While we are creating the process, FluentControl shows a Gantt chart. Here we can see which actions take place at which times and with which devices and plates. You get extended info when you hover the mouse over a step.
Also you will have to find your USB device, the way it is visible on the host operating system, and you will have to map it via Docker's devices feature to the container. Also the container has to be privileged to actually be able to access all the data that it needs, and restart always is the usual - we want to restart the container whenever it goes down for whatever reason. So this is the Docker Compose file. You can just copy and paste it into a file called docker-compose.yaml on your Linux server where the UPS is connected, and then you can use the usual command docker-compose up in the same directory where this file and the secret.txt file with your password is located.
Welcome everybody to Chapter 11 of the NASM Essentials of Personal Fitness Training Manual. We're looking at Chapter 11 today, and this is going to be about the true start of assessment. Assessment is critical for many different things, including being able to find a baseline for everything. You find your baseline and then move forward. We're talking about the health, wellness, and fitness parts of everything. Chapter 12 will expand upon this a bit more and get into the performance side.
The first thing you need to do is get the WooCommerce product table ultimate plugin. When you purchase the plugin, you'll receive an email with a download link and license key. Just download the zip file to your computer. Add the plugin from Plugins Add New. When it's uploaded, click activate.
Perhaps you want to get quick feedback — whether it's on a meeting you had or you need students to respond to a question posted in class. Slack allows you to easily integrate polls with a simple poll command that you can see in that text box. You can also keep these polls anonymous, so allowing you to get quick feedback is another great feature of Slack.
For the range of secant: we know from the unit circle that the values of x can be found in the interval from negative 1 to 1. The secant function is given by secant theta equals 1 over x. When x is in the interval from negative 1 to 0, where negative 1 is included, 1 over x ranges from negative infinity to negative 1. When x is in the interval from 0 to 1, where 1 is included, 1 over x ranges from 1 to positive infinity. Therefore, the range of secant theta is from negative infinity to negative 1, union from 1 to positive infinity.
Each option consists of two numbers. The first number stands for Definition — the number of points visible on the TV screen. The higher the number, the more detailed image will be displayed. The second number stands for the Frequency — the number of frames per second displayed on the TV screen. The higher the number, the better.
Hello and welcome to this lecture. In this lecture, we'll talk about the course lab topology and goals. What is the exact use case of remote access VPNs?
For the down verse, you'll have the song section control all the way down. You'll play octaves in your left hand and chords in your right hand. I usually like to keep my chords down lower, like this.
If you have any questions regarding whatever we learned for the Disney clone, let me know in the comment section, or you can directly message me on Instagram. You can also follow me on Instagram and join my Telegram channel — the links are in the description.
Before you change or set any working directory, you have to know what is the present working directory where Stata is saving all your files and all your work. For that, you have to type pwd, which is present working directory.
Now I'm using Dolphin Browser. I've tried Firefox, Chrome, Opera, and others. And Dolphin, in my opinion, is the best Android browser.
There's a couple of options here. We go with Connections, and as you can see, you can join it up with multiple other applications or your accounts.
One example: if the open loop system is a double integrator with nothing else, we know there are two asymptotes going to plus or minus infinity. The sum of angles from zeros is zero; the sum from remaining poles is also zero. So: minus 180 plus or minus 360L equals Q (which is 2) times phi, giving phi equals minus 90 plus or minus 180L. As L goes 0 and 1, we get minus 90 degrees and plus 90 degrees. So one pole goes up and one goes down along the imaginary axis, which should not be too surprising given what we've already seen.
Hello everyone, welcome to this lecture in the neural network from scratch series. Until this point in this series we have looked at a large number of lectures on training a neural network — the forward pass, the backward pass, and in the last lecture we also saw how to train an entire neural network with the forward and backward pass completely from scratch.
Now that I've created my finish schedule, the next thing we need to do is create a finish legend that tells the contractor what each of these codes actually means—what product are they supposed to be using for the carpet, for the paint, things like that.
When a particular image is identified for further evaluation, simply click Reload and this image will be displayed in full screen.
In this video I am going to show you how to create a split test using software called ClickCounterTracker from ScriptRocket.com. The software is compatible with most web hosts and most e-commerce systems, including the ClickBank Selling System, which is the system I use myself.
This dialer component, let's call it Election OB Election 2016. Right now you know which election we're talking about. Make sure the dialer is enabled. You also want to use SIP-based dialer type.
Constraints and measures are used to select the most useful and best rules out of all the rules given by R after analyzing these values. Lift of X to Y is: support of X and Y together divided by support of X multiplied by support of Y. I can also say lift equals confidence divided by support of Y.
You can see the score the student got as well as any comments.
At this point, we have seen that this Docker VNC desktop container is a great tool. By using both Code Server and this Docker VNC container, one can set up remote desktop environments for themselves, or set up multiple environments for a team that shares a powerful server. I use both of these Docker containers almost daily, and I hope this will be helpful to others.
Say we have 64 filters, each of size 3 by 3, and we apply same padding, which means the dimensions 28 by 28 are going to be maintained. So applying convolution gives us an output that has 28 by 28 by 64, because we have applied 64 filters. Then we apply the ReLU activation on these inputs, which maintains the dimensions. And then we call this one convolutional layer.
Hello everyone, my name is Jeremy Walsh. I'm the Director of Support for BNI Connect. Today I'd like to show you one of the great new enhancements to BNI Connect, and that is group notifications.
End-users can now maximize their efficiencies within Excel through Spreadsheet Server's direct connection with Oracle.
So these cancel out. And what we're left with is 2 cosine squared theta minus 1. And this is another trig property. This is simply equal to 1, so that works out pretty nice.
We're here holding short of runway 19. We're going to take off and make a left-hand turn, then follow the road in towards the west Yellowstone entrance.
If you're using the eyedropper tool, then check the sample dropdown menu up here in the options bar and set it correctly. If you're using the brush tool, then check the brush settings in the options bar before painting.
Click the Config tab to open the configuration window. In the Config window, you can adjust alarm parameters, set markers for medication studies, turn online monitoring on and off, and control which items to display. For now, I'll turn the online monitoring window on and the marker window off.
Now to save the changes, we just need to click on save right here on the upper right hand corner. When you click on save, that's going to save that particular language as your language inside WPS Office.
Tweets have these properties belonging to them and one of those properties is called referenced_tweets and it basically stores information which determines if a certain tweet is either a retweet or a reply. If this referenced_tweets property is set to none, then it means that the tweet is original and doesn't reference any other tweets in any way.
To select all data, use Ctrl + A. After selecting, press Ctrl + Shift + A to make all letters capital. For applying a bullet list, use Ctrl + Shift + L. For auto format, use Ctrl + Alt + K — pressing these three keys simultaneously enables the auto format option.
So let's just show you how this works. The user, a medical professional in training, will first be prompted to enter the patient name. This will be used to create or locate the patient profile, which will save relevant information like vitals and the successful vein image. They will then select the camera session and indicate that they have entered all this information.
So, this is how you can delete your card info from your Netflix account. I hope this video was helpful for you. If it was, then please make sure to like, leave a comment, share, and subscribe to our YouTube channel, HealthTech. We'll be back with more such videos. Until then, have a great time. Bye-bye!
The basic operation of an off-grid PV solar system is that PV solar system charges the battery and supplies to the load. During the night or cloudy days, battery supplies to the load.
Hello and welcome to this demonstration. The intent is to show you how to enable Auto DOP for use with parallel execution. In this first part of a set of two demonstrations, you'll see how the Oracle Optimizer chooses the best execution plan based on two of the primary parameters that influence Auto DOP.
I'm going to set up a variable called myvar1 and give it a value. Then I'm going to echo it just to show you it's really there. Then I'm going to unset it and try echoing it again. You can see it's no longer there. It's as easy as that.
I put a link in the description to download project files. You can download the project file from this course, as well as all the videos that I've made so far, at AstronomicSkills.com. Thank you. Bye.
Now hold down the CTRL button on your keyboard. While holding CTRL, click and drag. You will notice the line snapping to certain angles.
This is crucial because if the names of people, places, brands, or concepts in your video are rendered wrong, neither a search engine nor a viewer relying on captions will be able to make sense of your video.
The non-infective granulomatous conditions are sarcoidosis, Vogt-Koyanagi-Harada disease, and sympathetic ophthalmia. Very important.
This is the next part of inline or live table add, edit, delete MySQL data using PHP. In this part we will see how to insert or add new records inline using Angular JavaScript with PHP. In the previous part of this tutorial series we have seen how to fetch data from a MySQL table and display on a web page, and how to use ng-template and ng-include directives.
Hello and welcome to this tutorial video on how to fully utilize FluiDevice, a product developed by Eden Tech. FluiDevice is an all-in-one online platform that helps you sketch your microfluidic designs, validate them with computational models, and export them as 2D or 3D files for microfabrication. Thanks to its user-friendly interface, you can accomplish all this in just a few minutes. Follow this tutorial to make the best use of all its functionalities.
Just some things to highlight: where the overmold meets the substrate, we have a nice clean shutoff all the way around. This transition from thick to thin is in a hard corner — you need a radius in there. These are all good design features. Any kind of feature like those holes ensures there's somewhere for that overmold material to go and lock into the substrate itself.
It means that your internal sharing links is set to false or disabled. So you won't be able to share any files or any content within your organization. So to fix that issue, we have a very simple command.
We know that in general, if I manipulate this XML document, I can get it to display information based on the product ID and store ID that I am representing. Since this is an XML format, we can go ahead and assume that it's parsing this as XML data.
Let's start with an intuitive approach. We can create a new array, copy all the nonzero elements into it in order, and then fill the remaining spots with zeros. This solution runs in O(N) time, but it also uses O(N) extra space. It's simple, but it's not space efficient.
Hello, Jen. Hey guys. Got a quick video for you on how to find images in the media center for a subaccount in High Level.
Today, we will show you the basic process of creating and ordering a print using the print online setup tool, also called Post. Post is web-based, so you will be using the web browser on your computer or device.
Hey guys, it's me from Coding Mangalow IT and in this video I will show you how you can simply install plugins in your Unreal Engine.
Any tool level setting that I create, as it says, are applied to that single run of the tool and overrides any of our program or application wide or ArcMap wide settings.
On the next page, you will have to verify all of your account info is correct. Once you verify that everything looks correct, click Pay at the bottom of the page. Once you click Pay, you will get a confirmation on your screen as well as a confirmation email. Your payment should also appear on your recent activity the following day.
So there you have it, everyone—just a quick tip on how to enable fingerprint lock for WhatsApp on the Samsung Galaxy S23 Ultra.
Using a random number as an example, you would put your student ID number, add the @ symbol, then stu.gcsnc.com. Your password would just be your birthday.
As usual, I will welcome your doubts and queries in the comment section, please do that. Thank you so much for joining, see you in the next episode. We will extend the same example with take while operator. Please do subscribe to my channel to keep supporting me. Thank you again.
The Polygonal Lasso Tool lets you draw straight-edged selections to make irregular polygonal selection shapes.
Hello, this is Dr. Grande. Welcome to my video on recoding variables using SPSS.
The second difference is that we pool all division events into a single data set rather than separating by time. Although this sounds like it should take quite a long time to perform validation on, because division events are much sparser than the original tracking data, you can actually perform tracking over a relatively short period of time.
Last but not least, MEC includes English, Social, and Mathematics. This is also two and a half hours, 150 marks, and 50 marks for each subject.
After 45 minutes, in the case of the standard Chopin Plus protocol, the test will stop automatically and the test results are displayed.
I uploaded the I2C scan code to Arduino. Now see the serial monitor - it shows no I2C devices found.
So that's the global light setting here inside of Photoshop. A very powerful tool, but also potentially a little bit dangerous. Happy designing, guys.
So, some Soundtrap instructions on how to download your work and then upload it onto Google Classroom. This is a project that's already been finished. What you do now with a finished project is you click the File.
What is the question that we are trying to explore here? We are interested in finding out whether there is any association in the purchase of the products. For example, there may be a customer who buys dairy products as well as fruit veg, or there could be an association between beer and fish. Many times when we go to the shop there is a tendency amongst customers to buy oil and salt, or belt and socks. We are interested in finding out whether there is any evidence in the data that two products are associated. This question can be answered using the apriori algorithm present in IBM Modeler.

+---+

**TO DO**
Reproduce exactly, and with no other material, the lines between those holding "When a particular" and "You can see the", inclusive.

**WRITTEN SOLUTION**
When a particular image is identified for further evaluation, simply click Reload and this image will be displayed in full screen.
In this video I am going to show you how to create a split test using software called ClickCounterTracker from ScriptRocket.com. The software is compatible with most web hosts and most e-commerce systems, including the ClickBank Selling System, which is the system I use myself.
This dialer component, let's call it Election OB Election 2016. Right now you know which election we're talking about. Make sure the dialer is enabled. You also want to use SIP-based dialer type.
Constraints and measures are used to select the most useful and best rules out of all the rules given by R after analyzing these values. Lift of X to Y is: support of X and Y together divided by support of X multiplied by support of Y. I can also say lift equals confidence divided by support of Y.
You can see the score the student got as well as any comments.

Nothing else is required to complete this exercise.